To everything there is a time and a time for every purpose under heaven. God
grant me the serenity to accept that, to accept the things I cannot change.
The other side of the coin of accepting that these things will happen, is that
,for each of these activities there is a limit. There cannot be continual sowing,
reaping must happen, or continual reaping, sowing must happen. There is a season.
There is a limit. Isn't that good to know? There is a season there is a limit.

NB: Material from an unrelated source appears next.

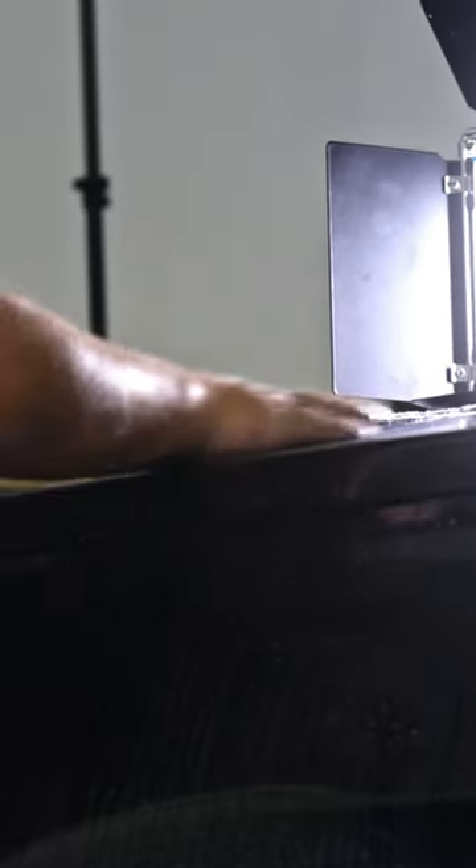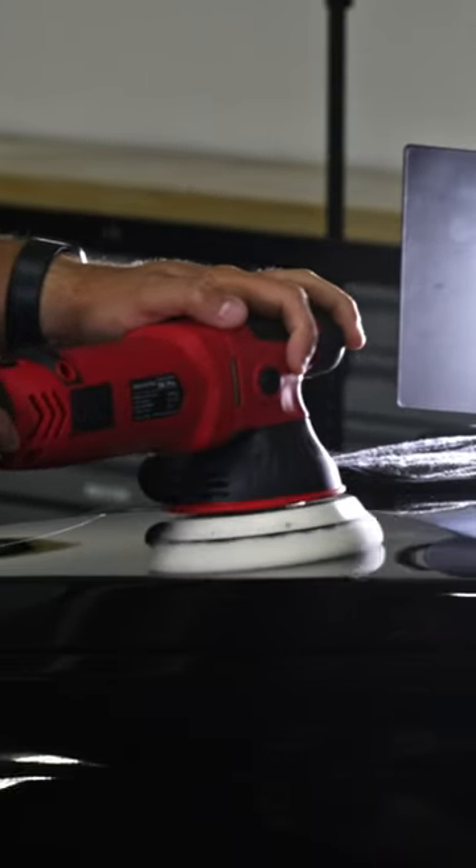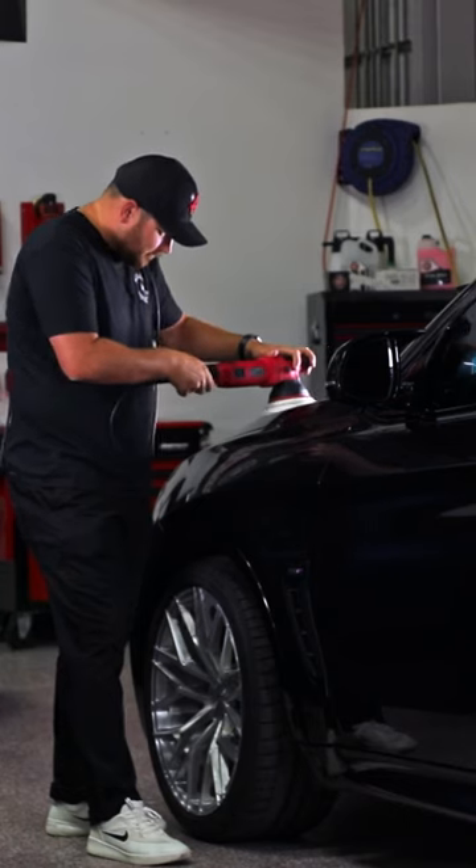We want to clay the vehicle first. The fine-grade clay, especially for a ceramic coated vehicle, it's not going to mar it. And what I'm trying to figure out is what pad pairing with the one-step polish is going to be the most effective.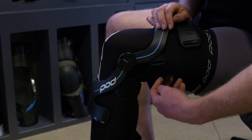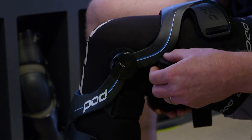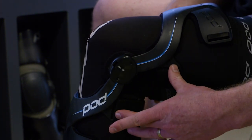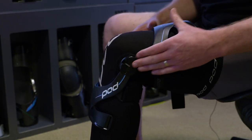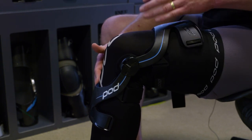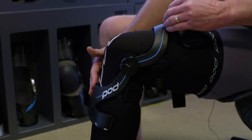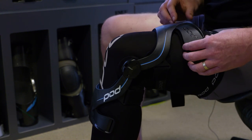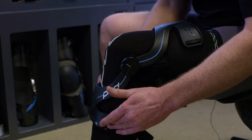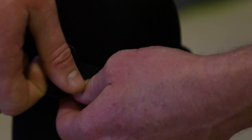The next most important is strap number two, which anchors the upper frame. Straps one and two both have strap pads because they need to be done up tight. Over the 10 years Pod has been producing industry-leading action sports braces, we've evolved to adaptive cuffs. Connected to the upper and lower frames are these adaptive softer cuffs. Straps three and four are what you do up to secure and attach those cuffs to your body.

Tears may last for a night, but joy comes in the morning. I think Solomon would
have loved sell-by dates: there is a time for embracing and a time when that
kind of activity is not appropriate to the circumstances and refraining from
embracing takes over. It's good to know that some things, circumstances in our
lives will not last forever. There is a sell-by date on our sadness, on our
struggles, on our times of difficulty and despair. God grant me the serenity
to accept the things that he wants me simply to accept that he does not want
me to fight to change.
But not being able or willing to tell the time, God's time in our life leads
us to the opposite kind of behaviour: accepting when we should be rejecting
a situation or set of circumstances in our life. A time to reap a time to sow,
a time to build and time to break down. Don't accept breaking down when the
time is the time for building. Don't accept breaking down when the time is God's
time for building. Don't give in to hate when it is God's time to love. Don't
accept an easy peace, the way of least resistance, anything for a quiet life,
when it is God's time to wage war, to fight back, to move against the enemies
of his kingdom and our community.
A very sincere Christian friend let's call him John had a very sick child called,
let's say, Simon. John and his wife took Simon to a nearby hospital. They prayed,
treatment was given, the child made some progress but finally the doctors said,
sorry, there's nothing more we can do. They saw more doctors. Same thing. John
prayed fervently, seemed to get the answer that the child was in God's hands
– if he wanted him to live, fine, if not, fine, but to take the child
to yet another medical expert seemed to John not to be accepting God's will
since people had prayed so hard. All of his Christian family and friends begged
him to try one more hospital. Eventually John gave up his 'acceptance' and took
the child to yet another more specialised hospital. Simon is now a fit and healthy
29-year-old with a family of his own.
God grant us the courage to change the things we can. God grant us the courage
to change the things he is crying out for us to change because that time is
now.
How do we do all of that? How do we know what time it is in our lives, in the
life of our community, our Church, nation, world?
Read the word of God and let the word of God read you. Read the word of God
and read the circumstances of your life (community, church, nation, world) through
his eyes, in the light of his truth. Fill your mind with the wisdom of these
verses from Ecclesiastes. Read them over and over again. Meditate on them, think
deeply about them. Take time over them. Let the truth of them, the wisdom of
them really sink in. Let that word, as the writer to Hebrews promises it will,
penetrate to dividing soul and spirit, joints and marrow. Let that word judge
the thoughts and attitudes of our heart. (Hebrews 4.12) As we do so, we who
live very much in the maze of life, find that there is an open channel of communication
between ourselves and the man in the tower. Between ourselves and our God.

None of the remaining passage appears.